Re: Failures due to inevitable high backpressure

Posted by David Anderson <da...@alpinegizmo.com>.

You should begin by trying to identify the cause of the backpressure,
because the appropriate fix depends on the details.

Possible causes that I have seen include:

- the job is inadequately provisioned
- blocking i/o is being done in a user function
- a huge number of timers are firing simultaneously
- event time skew between different sources is causing large amounts of
state to be buffered
- data skew (a hot key) is overwhelming one subtask or slot
- external systems can't keep up (e.g., a sink)
- lengthy GC pauses caused by running lots of slots per TM with the
FsStateBackend
- contention for critical resources (e.g., using a NAS as the local disk
for RocksDB)

Unaligned checkpoints [1], new in Flink 1.11, should address this problem
in some cases, depending on the root cause.
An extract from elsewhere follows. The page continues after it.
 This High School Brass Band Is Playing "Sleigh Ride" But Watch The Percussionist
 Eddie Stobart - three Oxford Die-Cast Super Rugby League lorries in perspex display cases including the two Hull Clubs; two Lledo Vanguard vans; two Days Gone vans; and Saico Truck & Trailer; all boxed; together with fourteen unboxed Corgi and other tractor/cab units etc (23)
But first you should try to
figure out why you have high backpressure, because a number of the causes
listed above won't be helped by changing to unaligned checkpoints.

Best,
David

[1]
https://flink.apache.org/news/2020/07/06/release-1.11.0.html#unaligned-checkpoints-beta

On Wed, Aug 26, 2020 at 6:06 PM Hubert Chen <hu...@gmail.com> wrote:

> Hello,
>
> My Flink application has entered into a bad state and I was wondering if I
> could get some advice on how to resolve the issue.
>
> The sequence of events that led to a bad state:
>
> 1. A failure occurs (e.g., TM timeout) within the cluster
> 2. The application successfully recovers from the last completed checkpoint
> 3. The application consumes events from Kafka as quickly as it can. This
> introduces high backpressure.
> 4. A checkpoint is triggered
> 5. Another failure occurs (e.g., TM timeout, checkpoint timeout, Kafka
> transaction timeout) and the application loops back to step #2. This
> creates a vicious cycle where no progress is made.
>
> I believe the underlying issue is the application experiencing high
> backpressure. This can cause the TM to not respond to heartbeats or cause
> long checkpoint durations due to delayed processing of the checkpoint.
>
> I'm confused on the best next steps to take. How do I ensure that
> heartbeats and checkpoints successfully complete when experiencing
> inevitable high packpressure?
>
> Best,
> Hubert
>